TASK INSTRUCTIONS
Each line from the one holding "71L Solar Fridge Freezer 12V" through the final line of the data below is to be given again exactly, and no other line is to appear.

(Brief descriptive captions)

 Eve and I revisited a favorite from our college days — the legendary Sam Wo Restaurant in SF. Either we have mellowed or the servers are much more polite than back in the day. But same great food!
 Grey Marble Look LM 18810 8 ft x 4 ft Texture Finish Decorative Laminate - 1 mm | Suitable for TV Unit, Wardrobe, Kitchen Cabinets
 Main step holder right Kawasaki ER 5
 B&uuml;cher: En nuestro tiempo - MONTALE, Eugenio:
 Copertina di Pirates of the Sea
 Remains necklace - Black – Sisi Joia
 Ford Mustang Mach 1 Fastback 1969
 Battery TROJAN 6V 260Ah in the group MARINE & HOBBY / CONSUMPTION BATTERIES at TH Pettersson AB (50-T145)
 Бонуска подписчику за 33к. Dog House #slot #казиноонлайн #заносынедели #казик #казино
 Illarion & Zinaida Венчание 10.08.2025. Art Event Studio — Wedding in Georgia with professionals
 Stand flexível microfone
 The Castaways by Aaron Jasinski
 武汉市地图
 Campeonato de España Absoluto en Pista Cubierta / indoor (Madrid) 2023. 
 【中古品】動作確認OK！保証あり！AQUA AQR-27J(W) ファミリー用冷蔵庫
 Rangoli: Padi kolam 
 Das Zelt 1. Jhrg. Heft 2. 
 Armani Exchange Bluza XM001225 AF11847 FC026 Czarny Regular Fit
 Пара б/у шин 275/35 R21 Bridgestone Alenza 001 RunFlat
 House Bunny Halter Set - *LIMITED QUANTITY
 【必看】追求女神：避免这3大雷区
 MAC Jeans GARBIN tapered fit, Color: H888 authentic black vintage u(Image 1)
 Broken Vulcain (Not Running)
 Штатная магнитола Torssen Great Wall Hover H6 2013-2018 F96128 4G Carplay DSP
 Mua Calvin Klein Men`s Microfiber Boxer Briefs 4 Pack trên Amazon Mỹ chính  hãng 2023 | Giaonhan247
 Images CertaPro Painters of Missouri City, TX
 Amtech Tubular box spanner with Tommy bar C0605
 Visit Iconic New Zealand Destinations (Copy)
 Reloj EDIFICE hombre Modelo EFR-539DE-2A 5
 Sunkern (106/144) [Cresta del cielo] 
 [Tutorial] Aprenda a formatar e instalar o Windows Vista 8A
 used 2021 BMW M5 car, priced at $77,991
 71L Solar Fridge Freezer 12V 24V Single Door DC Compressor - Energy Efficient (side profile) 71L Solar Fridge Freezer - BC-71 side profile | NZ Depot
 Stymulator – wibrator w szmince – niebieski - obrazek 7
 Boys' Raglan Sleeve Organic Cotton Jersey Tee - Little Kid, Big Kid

SOLUTION TO THIS EXERCISE
 71L Solar Fridge Freezer 12V 24V Single Door DC Compressor - Energy Efficient (side profile) 71L Solar Fridge Freezer - BC-71 side profile | NZ Depot
 Stymulator – wibrator w szmince – niebieski - obrazek 7
 Boys' Raglan Sleeve Organic Cotton Jersey Tee - Little Kid, Big Kid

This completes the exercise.